- **DATA PROVIDED**
________
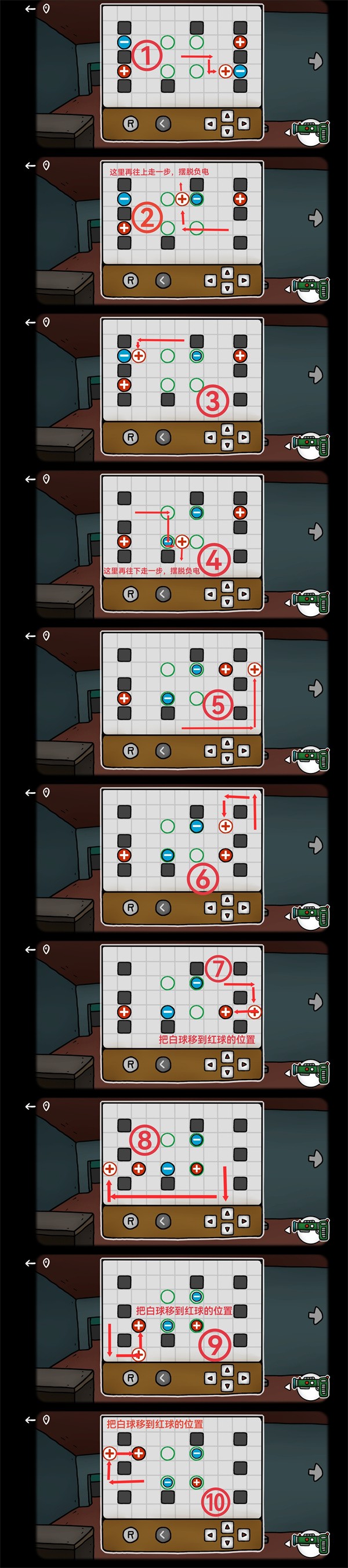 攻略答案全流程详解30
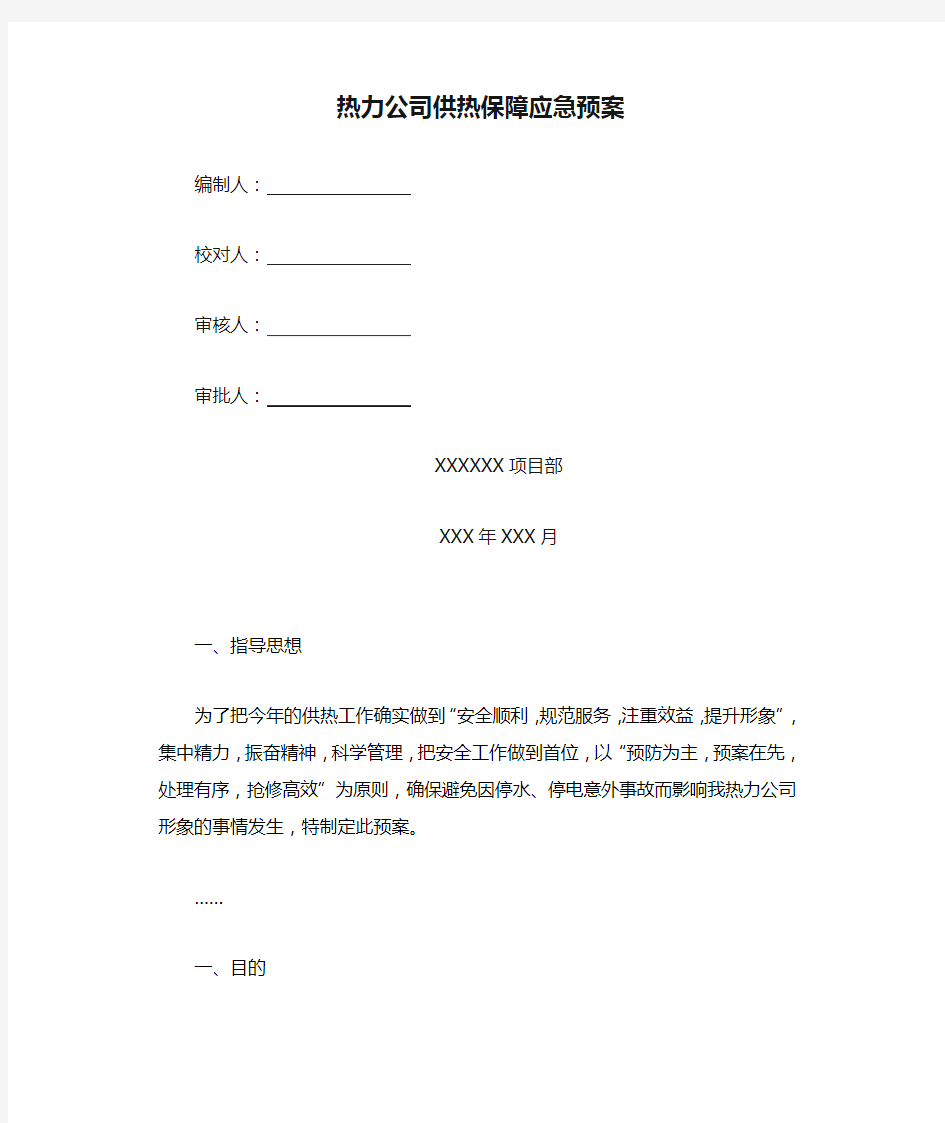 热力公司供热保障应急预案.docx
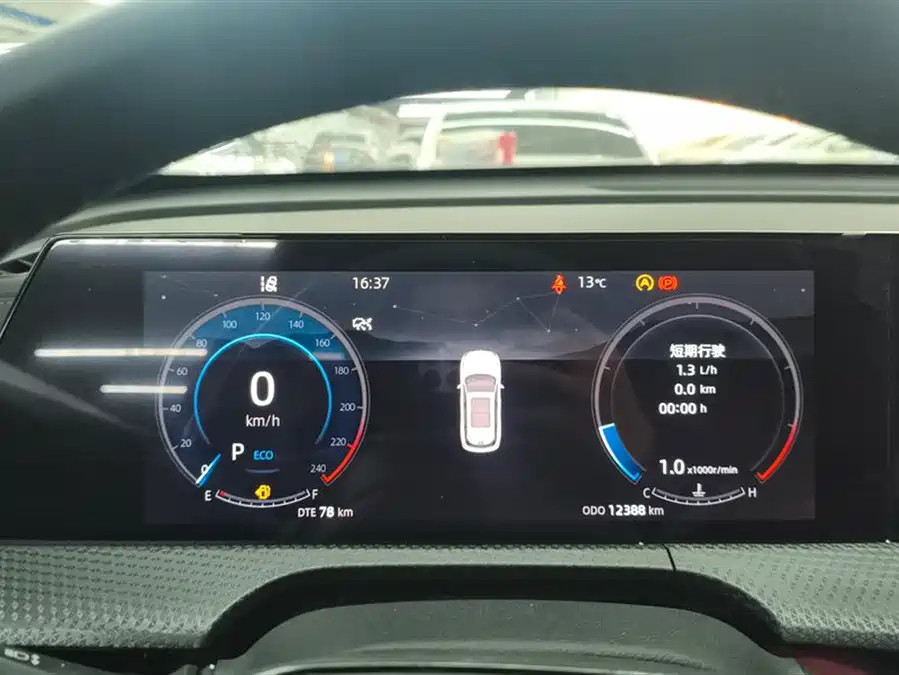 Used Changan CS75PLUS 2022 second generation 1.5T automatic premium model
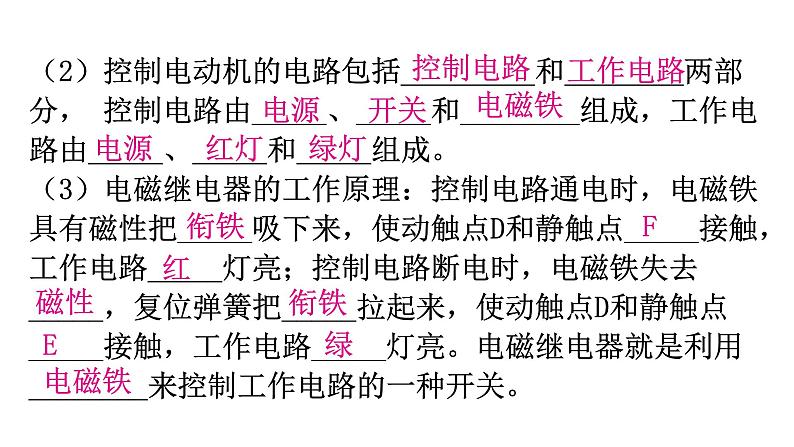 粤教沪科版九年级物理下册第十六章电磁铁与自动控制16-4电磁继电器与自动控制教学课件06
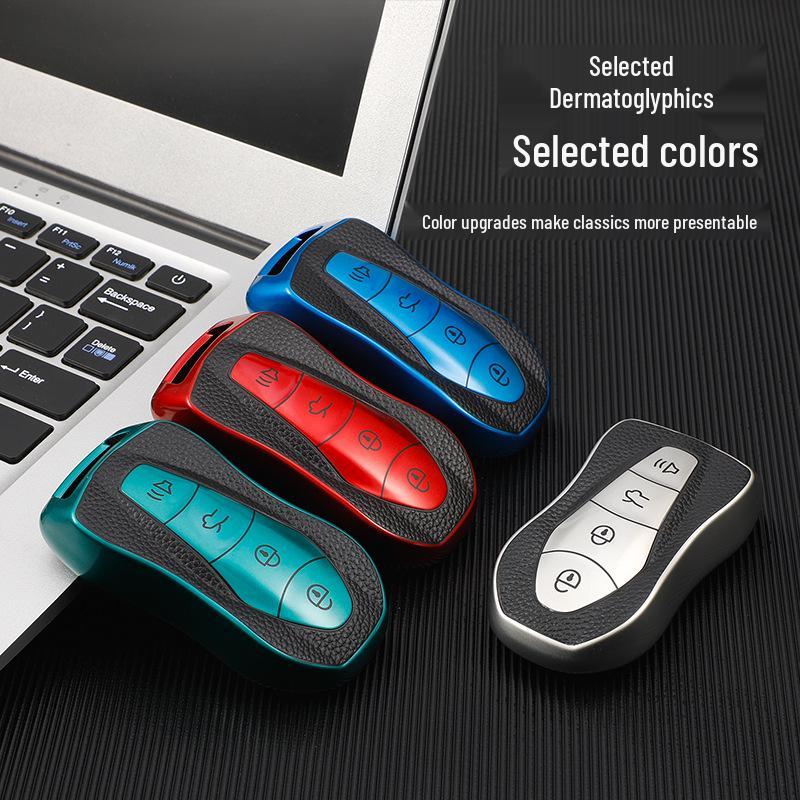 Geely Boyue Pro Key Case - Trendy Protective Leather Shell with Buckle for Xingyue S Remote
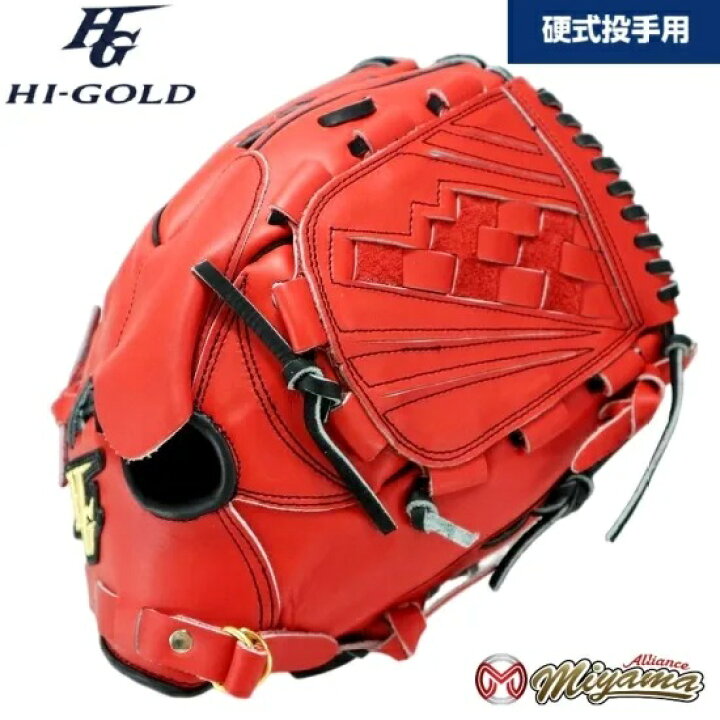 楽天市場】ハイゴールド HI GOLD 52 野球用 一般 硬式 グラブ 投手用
________
- **PROBLEM REQUIREMENTS**
Please transcribe word for word the lines from the one bearing "Used Changan CS75PLUS" through the last line of the records above, omitting the pictures.

- **ANSWER AREA**
 Used Changan CS75PLUS 2022 second generation 1.5T automatic premium model
 粤教沪科版九年级物理下册第十六章电磁铁与自动控制16-4电磁继电器与自动控制教学课件06
 Geely Boyue Pro Key Case - Trendy Protective Leather Shell with Buckle for Xingyue S Remote
 楽天市場】ハイゴールド HI GOLD 52 野球用 一般 硬式 グラブ 投手用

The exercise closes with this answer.